Short text fragments from websites
----

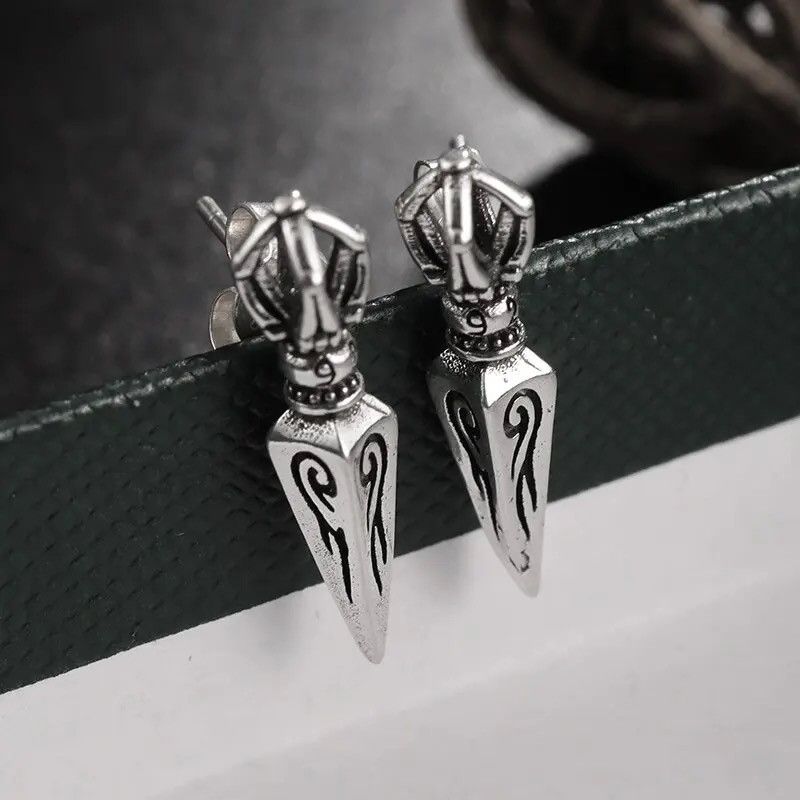 Jewelry × Vintage Retro Dorje Phurba Dagger Earrings Size ONE SIZE - 4 Thumbnail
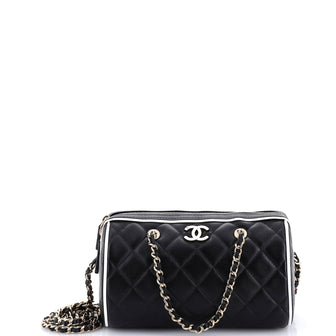 Chanel Enamel CC Bowling Clutch with Chain Quilted Lambskin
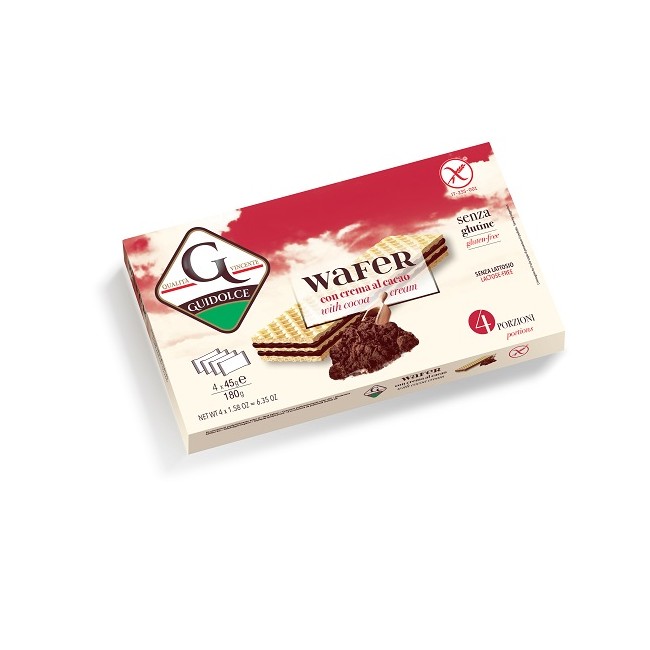 Guidolce Wafer Con Crema Al Cacao 4 Porzioni X 45 G Guidolce Wafer Con Crema Al Cacao 4 Porzioni X 45 G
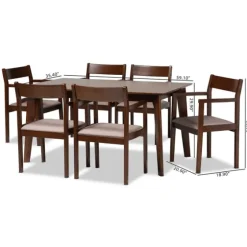 Brown Wood And Beige Upholstered 7-Pc. Dining Set-Kirkland's Home Shop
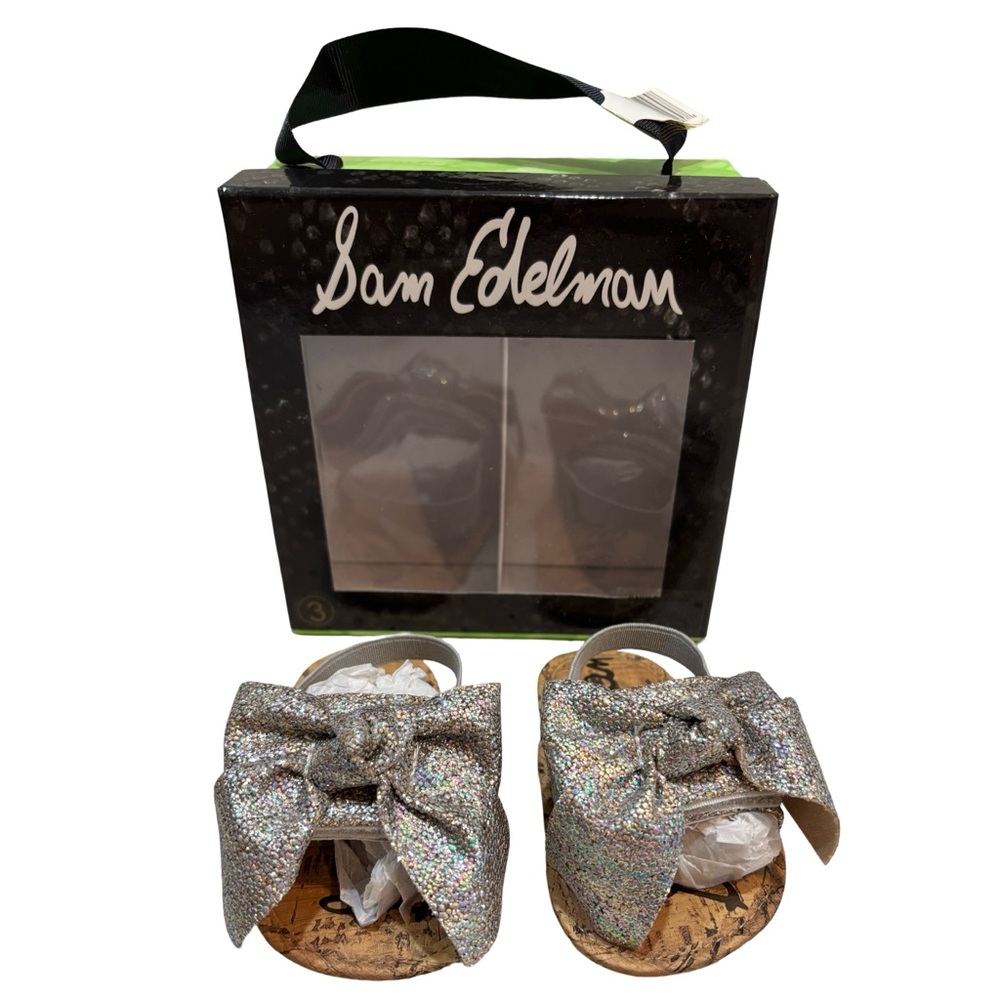Sam Edelman Baby Gigi Glitter Bow Dress Sandals/Shoes - Sz 3 USA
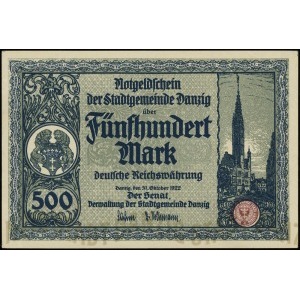 Der Senat der Stadtgemeinde Danzig, 500 marek 31.10.192...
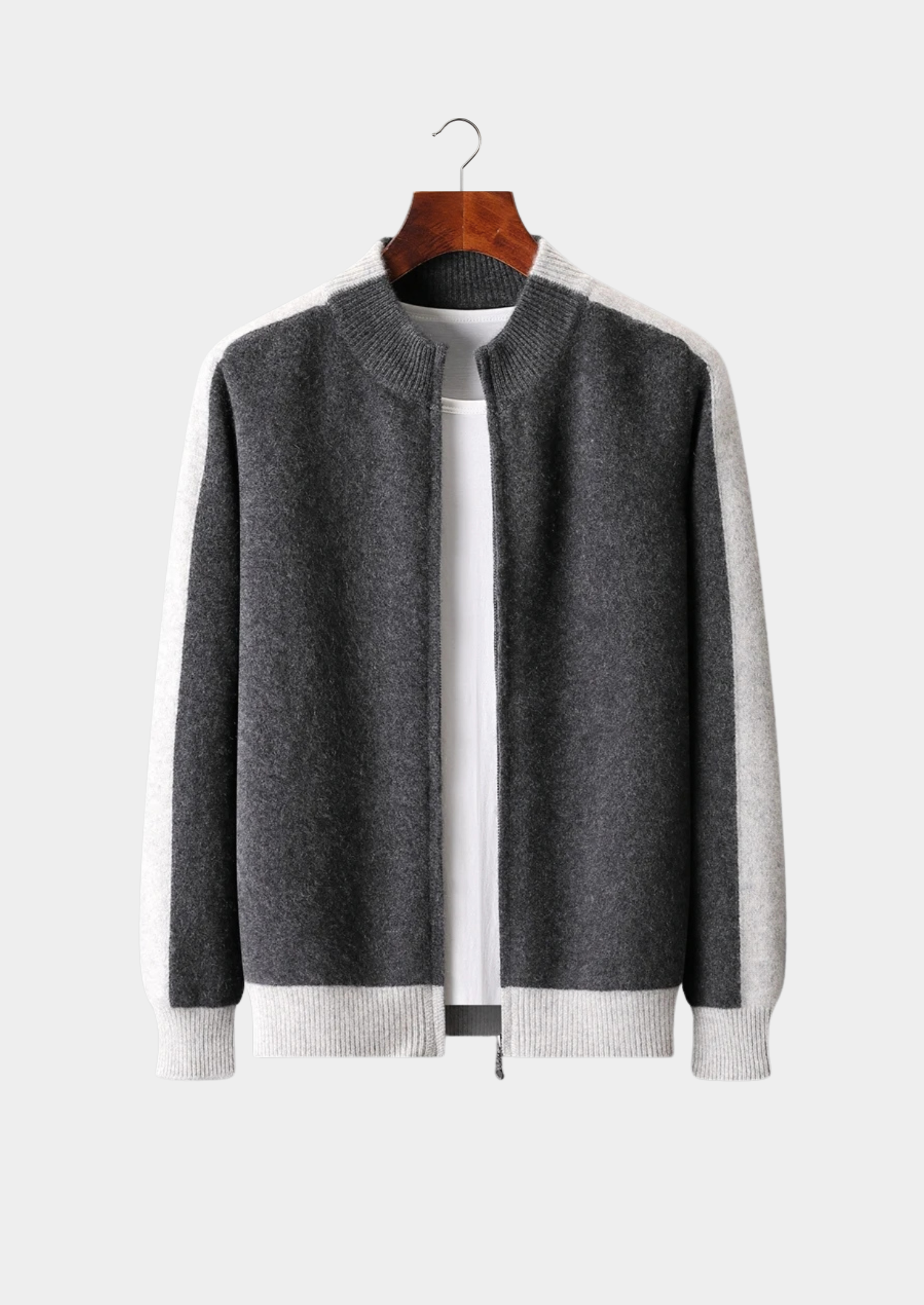 Men's Zip Cardigan Extra-Fine Merino Wool Lightweight Warm 1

----

YOUR ASSIGNMENT ▸ Copy exactly the lines that run from the one containing "Sam Edelman Baby" to the last line of the records, both included, and leave out every picture.

SOLUTION ▸
Sam Edelman Baby Gigi Glitter Bow Dress Sandals/Shoes - Sz 3 USA
 Der Senat der Stadtgemeinde Danzig, 500 marek 31.10.192...
 Men's Zip Cardigan Extra-Fine Merino Wool Lightweight Warm 1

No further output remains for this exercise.